Властитель послал за мной лишь на третий день. Правда, за это время я почти ничего не успел увидеть в замке. Даже по этажам и залам той башни, где поселили меня, передвигаться оказалось проблемно — демоны смотрели на меня с подозрением, то и дело заступали дорогу, пытались не пустить туда и сюда… Их можно было понять, и я понимал. И не пытался бычить, изображать из себя хозяина жизни и мира. Это был бы уже явный перебор, от которого на сто метров тянуло бы фальшью.
Так что, кроме своей комнатки и примыкающего к ней коридора за два дня я сумел увидеть только террасу, нижний этаж башни и часть двора, причём только сверху, на расстоянии. Замок полнила переменчивая суета — то жизнь начинала кипеть во двориках и на нижних галереях, куда разгружали и откуда загружали на повозки разнообразнейшую хрень, то перемещалась на верхние галереи и кромки стен. Вот тут я уже совсем ничего не понимал — чем они могут там столь активно заниматься? Наверное, нужно прожить в демоническом мире не один месяц, чтоб это понимать.

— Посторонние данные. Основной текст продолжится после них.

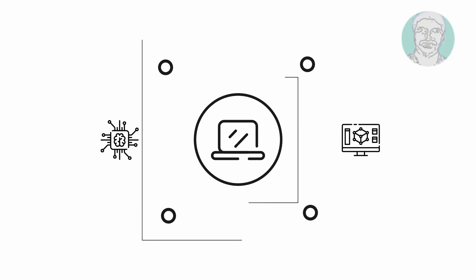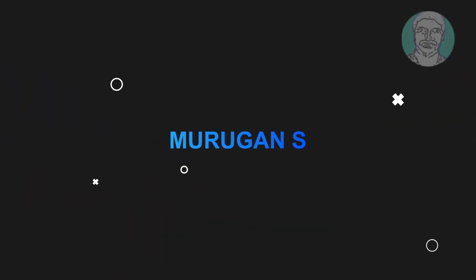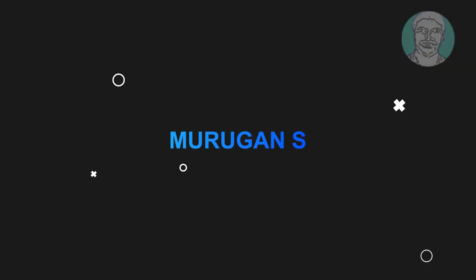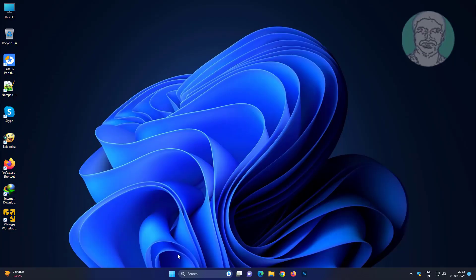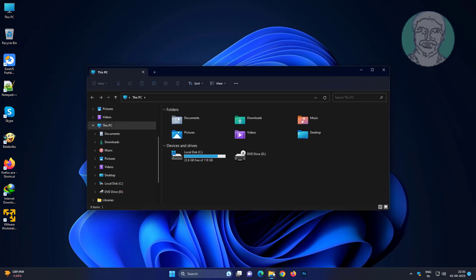Welcome viewer, I am Murigan S. This video tutorial describes how to fix a missing local disk on Windows 11 and 10, with the hard drive missing solved. The problem: only the C drive shows.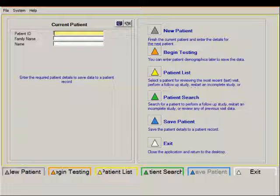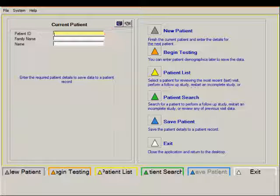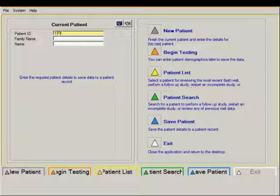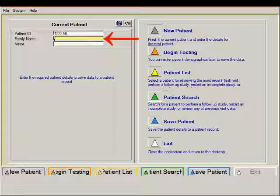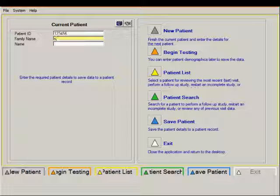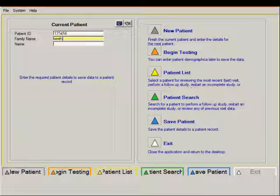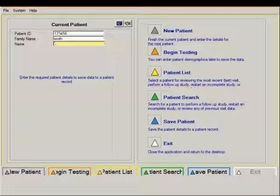Once you do that, the highlight for the patient ID number appears in yellow on the left half of the screen. At this point you just need to enter in the patient's ID number and then press enter and the highlight will then move to the next cell for the patient's last name. Type in the last name, press enter, and then enter in the first name.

В зале, куда меня привели по зову демона, было пустовато, тусклый свет гулял от колонны к колонне, от стены к стене. Все окна были забраны резными хрустальными экранами, пол вымощен скользкими опаловыми плитками. Колонны — шесть штук на всю залу, причём расставлены в порядке, кажущемся хаотическим — напоминали наплывы соли на камнях или стволы, изуродованные капами и трутовиками от корней до вершины.
Демон стоял у натёртого до блеска металлического экрана, сияющего мягко, как чистое серебро. Впрочем, почему «как»? Может, это и есть серебро. Что он мог увидеть в этой равномерной полированной поверхности? Или же тут просто задумана уловка, чтоб заставить меня отвлечься, расслабиться. Дудки! Я со всем вниманием изучал своего будущего наставника. Человеческого в его облике всё-таки было немало. Стоило привыкнуть к виду роговых наростов на голове и разнонаправленным складкам, уродующим лицо, и обращал на себя внимание чрезвычайно человеческий взгляд. Правда, принадлежащий, без сомнения, крайне жестокому, беспринципному и очень сильному существу.
Такой одним взглядом разделает и не заметит. Я раньше подобные взгляды видел только у очень пьяных людей. Пьяным море по колено, опасения не тормозят, и внутренняя готовность в случае любой ссоры кишки врагу выпустить, после чего сесть допивать свою водку, проявляется во взгляде. Ничего приятного.